Six anemic SV-40 T antigen (Epo-Tagh) and six healthy wild type (C57B16/CBA) mice, 6- to 8-week-old, were investigated. Animals were kept in a room with free access to food and water. Temperature (21 ± 2 °C) and humidity (49 ± 3%) were checked daily. The animals were weighed before the experiments. At the end of the experiments a blood sample was taken from the tail vessel for hematocrit
Animals characteristics (Tables 1 and 2)
Body weights were similar in both groups. Hematocrit as well as hemoglobin concentration were significantly 60% lower in Epo-TAgh mice demonstrating severe anemia. Resting oxygen consumption was similar in both groups in normoxia while w as 30% lower in Epo-TAgh (Table 1, Table 2).

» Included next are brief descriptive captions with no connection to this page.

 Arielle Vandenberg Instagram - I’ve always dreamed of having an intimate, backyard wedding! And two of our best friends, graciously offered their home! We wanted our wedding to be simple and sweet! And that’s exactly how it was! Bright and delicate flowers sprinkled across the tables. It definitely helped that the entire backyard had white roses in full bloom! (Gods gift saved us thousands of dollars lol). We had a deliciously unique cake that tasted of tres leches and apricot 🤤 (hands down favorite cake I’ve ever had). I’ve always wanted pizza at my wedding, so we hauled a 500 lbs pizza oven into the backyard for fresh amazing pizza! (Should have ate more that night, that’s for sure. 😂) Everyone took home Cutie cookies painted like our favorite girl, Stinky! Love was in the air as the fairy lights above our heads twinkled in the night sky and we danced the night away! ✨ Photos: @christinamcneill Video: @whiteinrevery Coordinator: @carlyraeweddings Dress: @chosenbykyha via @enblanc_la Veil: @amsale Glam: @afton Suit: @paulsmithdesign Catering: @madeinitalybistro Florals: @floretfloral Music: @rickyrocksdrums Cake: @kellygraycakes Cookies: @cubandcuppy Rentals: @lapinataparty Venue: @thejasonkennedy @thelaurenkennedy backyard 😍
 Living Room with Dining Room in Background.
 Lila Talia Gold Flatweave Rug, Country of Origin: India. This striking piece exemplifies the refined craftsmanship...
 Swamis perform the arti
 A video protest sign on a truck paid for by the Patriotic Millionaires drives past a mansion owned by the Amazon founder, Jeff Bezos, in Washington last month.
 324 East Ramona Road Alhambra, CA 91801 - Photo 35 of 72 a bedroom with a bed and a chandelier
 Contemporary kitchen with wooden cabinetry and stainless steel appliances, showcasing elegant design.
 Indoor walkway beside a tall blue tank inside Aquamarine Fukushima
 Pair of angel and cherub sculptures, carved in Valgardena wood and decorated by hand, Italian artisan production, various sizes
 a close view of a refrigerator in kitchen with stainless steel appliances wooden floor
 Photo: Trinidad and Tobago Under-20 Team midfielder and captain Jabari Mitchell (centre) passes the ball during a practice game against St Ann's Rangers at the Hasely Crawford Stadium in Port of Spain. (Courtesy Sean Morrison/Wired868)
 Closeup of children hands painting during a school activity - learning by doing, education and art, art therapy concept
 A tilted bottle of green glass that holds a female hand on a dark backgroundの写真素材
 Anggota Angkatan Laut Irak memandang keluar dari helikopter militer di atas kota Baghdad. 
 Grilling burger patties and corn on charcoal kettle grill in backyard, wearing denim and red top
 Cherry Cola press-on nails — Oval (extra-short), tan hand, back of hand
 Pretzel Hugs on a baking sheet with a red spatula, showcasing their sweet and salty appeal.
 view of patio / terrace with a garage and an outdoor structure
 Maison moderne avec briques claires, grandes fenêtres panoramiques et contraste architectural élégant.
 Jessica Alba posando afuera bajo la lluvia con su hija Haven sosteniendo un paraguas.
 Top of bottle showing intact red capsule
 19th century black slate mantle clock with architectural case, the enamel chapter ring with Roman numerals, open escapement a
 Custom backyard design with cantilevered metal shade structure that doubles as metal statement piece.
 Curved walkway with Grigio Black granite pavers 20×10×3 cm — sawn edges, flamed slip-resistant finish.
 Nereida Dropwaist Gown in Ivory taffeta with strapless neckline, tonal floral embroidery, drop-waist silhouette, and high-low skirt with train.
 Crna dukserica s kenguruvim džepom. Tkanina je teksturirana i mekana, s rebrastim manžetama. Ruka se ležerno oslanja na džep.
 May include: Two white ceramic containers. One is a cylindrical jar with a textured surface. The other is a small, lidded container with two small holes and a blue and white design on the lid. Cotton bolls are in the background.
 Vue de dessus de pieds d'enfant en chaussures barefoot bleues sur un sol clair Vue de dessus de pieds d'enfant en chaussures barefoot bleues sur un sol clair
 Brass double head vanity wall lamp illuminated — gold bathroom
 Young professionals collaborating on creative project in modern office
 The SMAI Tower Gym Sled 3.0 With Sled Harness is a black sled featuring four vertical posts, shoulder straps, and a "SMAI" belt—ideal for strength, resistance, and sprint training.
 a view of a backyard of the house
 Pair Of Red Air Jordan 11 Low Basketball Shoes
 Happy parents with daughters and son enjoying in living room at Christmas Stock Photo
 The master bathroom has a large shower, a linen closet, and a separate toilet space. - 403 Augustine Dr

Anemic mice showed cardiac hypertrophy, as assessed by the higher right and left ventricular weight. No change was observed in right ventricular systolic pressure and resting heart rate in Epo-TAgh mice
Discussion
This study is the first to characterise the hypoxic ventilatory response in a model of anemic mice. Our main results showed that: (1) anemic Epo-TAgh mice hyperventilated in normoxia due to a greater VT; (2) hypoxic ventilatory response was higher in Epo-TAgh mice with a maximum at 12%, suggesting a higher chemosensitivity; (3) the maximal response of ventilation occurred after 5 min of exposure in both groups; (4) ventilation in Epo-TAgh mice declined at FIO2 < 12% and with time exposure; (5)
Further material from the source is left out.